Become displaced and enter the mesoderm. Undergo epithelial mesenchymal transition


In the nervous system, name some things that are derived from neural crest cells

Cranial nerve ganglia

Dorsal root ganglia

Sympathetic/parasymapthetic ganglia

Schwann cells

Glial cells

Leptomeninges (arachnoid and pia)


What is derived from neural crest cells outside of the nervous system?

Connective tissue and bones of face and skull

Dermis of face and neck

C-cells of thyroid gland

Conotruncal septum of the heart


Adrenal medulla


What can cause defects in neural crest cell migration?

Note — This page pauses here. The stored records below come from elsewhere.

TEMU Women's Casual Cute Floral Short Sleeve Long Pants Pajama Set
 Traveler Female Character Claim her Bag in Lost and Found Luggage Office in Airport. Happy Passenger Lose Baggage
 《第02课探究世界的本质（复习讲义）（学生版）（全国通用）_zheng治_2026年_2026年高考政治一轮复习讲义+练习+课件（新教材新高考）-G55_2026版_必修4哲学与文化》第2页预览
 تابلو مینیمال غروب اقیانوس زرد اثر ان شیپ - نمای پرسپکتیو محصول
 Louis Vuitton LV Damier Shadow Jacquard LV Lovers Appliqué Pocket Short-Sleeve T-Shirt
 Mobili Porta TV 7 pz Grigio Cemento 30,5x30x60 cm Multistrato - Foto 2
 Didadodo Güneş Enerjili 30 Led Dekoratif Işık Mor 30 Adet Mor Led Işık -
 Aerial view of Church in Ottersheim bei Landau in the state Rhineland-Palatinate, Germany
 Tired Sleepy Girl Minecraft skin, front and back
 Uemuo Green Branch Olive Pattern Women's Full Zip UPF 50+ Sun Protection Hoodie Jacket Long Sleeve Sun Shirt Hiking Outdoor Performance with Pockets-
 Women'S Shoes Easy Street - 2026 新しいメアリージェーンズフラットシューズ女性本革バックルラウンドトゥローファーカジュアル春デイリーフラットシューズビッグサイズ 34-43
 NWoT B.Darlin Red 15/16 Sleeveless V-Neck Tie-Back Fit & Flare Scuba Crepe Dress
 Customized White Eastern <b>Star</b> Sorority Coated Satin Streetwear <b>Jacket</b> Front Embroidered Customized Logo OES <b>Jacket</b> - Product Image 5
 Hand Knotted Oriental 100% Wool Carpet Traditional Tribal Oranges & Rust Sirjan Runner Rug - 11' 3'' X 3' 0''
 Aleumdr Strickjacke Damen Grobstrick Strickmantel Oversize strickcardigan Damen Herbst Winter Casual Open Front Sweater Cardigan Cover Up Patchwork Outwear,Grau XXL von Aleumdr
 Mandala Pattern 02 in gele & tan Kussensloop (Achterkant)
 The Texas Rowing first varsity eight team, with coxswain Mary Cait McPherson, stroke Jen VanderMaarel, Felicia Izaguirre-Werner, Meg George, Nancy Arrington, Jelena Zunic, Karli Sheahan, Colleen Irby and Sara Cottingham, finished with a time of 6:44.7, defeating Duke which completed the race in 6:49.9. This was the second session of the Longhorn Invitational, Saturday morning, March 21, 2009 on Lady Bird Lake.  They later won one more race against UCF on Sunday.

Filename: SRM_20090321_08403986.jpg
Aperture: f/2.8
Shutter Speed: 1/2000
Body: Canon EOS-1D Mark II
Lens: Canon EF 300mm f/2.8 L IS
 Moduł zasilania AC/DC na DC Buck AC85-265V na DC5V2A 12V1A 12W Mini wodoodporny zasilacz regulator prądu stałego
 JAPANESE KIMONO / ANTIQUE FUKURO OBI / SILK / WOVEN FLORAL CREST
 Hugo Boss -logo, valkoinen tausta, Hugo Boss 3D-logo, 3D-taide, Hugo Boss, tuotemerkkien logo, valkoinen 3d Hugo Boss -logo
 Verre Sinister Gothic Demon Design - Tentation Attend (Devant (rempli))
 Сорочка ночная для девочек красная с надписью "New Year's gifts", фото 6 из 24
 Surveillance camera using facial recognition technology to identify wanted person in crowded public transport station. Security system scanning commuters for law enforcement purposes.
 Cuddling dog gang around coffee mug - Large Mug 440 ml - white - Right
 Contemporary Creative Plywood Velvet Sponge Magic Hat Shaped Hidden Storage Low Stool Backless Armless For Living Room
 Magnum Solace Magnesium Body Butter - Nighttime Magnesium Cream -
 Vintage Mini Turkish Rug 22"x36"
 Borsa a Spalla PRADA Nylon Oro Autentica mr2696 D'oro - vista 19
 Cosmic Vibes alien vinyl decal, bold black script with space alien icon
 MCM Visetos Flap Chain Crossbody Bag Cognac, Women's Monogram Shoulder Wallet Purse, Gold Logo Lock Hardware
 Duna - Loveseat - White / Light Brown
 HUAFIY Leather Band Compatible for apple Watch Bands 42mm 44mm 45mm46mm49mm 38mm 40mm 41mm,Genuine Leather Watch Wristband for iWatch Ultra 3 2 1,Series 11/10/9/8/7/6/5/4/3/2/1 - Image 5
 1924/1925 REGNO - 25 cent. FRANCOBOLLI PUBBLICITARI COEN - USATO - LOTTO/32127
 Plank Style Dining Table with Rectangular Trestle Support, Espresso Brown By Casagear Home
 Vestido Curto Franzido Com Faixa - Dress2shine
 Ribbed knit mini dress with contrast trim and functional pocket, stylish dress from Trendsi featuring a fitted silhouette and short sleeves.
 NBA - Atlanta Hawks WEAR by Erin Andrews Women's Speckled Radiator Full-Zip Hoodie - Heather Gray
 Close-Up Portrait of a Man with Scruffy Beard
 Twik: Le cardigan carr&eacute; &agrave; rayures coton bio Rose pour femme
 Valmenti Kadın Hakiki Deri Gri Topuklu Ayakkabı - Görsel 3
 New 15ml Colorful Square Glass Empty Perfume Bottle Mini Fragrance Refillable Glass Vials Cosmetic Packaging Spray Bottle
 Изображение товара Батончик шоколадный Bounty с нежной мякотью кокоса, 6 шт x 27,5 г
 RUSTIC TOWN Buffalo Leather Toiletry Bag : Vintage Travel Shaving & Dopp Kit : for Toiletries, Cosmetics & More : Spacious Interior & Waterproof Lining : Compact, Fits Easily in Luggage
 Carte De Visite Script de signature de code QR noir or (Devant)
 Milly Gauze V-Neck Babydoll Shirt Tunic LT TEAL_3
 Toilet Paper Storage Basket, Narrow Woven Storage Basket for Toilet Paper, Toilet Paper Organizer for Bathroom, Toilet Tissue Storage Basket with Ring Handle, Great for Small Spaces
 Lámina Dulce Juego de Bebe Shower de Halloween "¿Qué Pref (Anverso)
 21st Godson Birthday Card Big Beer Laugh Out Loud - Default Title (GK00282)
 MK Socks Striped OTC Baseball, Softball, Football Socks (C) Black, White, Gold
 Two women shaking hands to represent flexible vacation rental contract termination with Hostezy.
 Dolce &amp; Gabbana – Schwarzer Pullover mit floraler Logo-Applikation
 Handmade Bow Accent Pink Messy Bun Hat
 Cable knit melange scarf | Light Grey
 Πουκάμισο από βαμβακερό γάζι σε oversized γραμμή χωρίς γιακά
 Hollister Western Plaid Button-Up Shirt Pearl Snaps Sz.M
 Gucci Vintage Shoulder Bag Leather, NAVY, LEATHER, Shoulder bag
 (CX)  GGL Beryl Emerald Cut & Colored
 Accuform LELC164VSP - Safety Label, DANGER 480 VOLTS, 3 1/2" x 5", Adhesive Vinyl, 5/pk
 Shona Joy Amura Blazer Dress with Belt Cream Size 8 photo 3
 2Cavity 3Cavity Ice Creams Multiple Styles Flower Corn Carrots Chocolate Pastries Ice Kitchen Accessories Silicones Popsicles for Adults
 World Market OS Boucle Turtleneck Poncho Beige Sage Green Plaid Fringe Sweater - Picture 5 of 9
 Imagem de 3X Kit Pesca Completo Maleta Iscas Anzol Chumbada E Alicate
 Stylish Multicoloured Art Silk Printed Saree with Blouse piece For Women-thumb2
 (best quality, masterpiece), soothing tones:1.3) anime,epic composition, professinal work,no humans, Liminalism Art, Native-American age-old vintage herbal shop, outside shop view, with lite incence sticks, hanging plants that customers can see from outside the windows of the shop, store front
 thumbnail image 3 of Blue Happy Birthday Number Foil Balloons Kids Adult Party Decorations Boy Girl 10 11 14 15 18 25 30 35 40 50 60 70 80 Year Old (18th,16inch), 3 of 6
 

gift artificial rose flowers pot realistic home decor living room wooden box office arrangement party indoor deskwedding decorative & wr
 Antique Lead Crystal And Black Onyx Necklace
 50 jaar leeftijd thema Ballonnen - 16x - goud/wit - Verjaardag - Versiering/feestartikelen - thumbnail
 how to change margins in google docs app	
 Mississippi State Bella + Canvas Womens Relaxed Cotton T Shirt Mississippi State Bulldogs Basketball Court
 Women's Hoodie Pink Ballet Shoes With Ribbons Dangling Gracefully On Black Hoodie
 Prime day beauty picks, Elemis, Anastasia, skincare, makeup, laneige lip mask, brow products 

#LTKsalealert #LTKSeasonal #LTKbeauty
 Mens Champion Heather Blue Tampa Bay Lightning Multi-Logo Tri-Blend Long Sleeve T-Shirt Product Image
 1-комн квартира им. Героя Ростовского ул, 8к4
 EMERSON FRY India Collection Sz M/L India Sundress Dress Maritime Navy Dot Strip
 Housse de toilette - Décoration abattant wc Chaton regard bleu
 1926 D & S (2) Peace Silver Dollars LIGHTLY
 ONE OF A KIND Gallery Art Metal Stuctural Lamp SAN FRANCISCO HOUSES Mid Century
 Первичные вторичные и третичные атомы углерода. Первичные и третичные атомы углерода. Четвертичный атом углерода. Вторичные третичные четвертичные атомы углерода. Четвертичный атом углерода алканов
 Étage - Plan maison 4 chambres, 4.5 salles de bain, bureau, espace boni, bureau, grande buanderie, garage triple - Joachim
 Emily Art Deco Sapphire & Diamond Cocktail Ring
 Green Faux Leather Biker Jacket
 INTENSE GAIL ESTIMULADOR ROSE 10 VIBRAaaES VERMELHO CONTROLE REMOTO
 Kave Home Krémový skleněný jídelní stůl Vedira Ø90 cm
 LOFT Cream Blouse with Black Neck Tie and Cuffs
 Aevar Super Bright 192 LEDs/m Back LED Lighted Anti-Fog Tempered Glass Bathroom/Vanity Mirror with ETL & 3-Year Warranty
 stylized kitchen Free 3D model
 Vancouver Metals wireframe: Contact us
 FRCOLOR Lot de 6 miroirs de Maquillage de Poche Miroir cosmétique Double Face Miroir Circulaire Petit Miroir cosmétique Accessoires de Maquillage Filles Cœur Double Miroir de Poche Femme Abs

Environmental insult, especially alcohol



What is the syndrome seen when there is a defect in neural crest cell migration affecting multiple structures?

DiGeorge syndrome

  • Cardiac defects
  • Abnormal faces
  • Thymus aplasia
  • Cleft palate
  • Hypocalcaemia
  • 22 chromosome


What is the name of the syndrome when there is a defect in neural crest cell migration affecting one structure?

Hirschsprung's disease (aganglionic megacolon)


What are the layers of the neural tube?